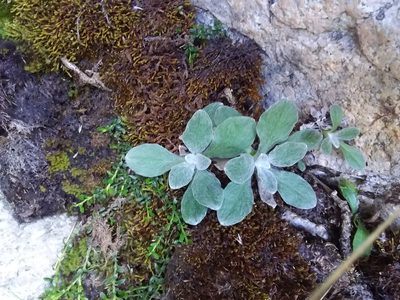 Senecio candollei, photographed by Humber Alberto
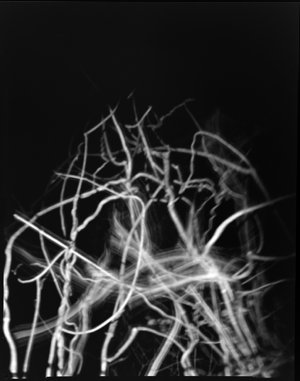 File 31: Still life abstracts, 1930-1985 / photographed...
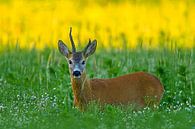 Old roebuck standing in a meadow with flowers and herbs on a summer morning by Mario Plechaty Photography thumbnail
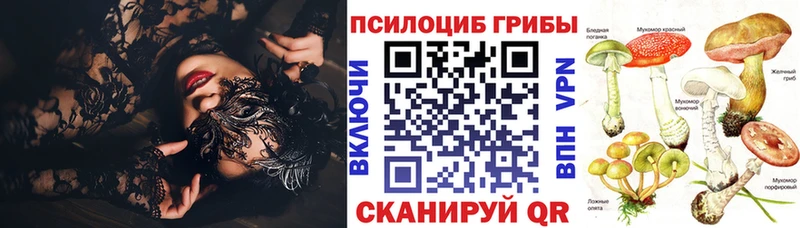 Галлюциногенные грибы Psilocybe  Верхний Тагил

============

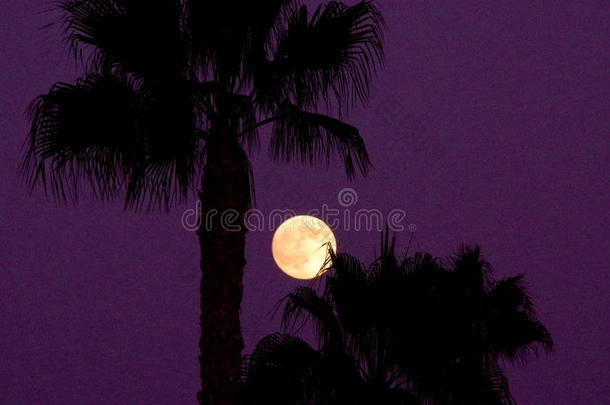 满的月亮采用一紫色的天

============

Copy word for word the span of the records above that begins at the line with "Senecio candollei, photographed" and ends at the line with "Галлюциногенные грибы Psilocybe", including those two lines but not the pictures.

 Senecio candollei, photographed by Humber Alberto
 File 31: Still life abstracts, 1930-1985 / photographed...
 Old roebuck standing in a meadow with flowers and herbs on a summer morning by Mario Plechaty Photography thumbnail
 Галлюциногенные грибы Psilocybe  Верхний Тагил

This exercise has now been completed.